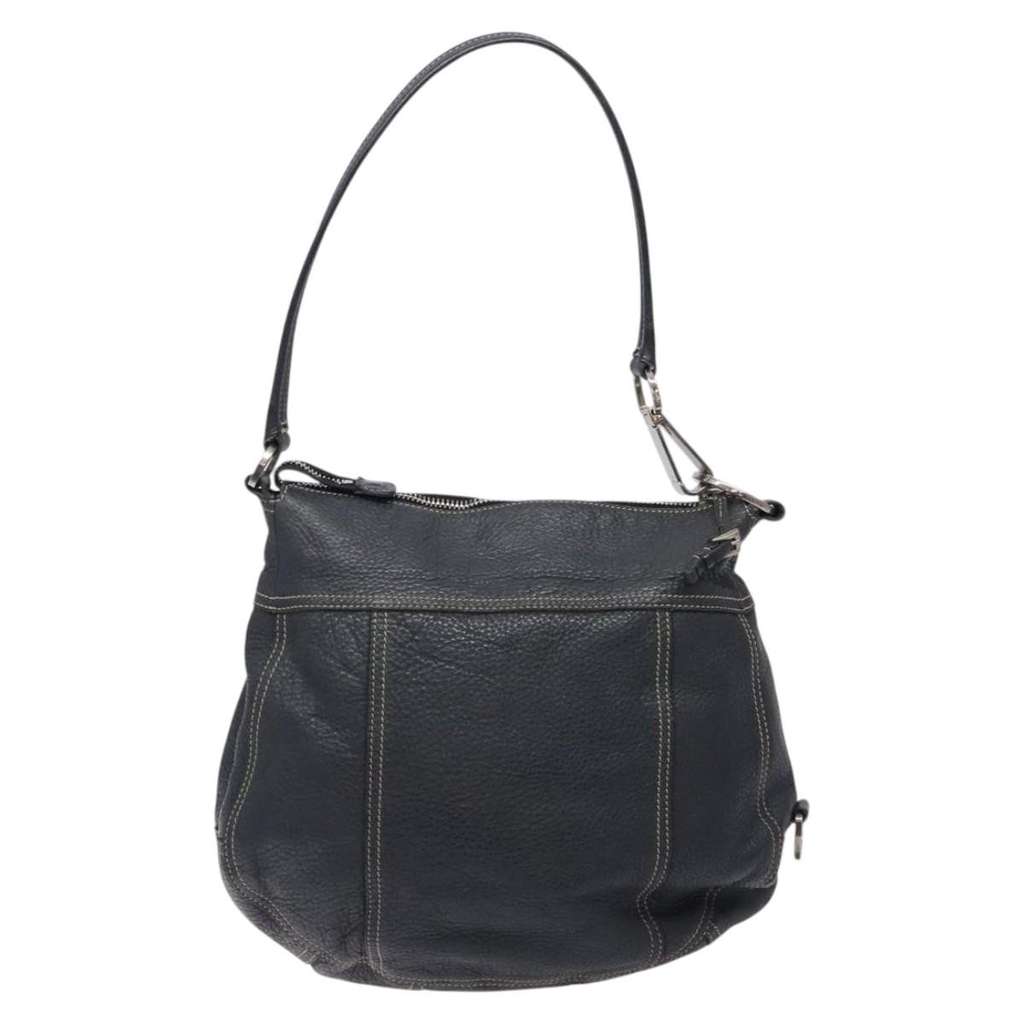Prada Vintage Shoulder Bag Navy Leather Good condition - Back View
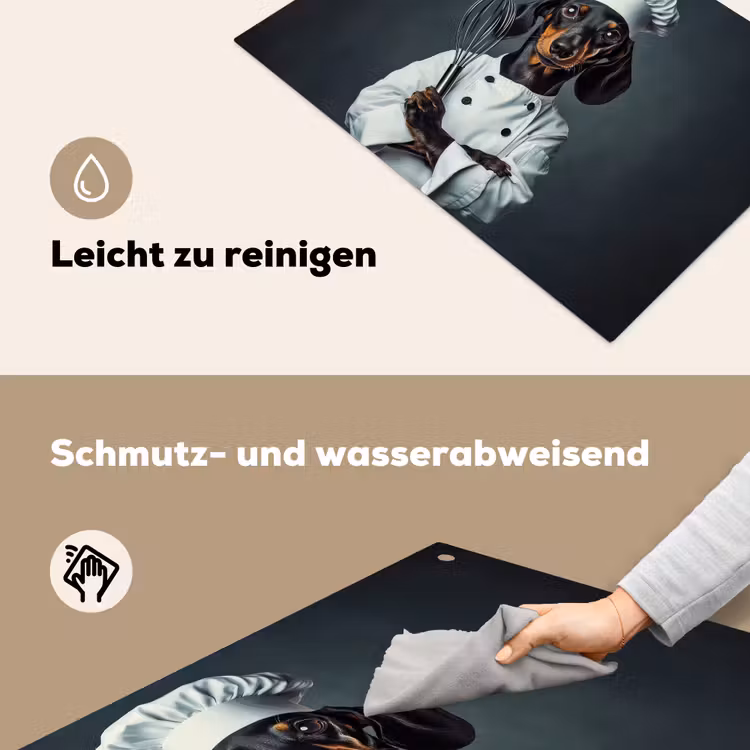 Quote - Neon - Hond - Kokskleding Inductie beschemer met haakjes klein -ky-schoon-de
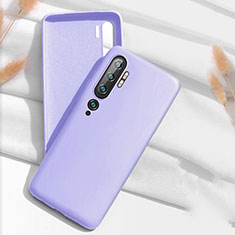 Silikon Hülle Handyhülle Ultra Dünn Schutzhülle Flexible 360 Grad Ganzkörper Tasche C07 für Xiaomi Mi Note 10 Pro Violett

--------

What you have to do:
Take the material above and set it down exactly, minus the images.

Solved exercise:
Prada Vintage Shoulder Bag Navy Leather Good condition - Back View
 Quote - Neon - Hond - Kokskleding Inductie beschemer met haakjes klein -ky-schoon-de
 Silikon Hülle Handyhülle Ultra Dünn Schutzhülle Flexible 360 Grad Ganzkörper Tasche C07 für Xiaomi Mi Note 10 Pro Violett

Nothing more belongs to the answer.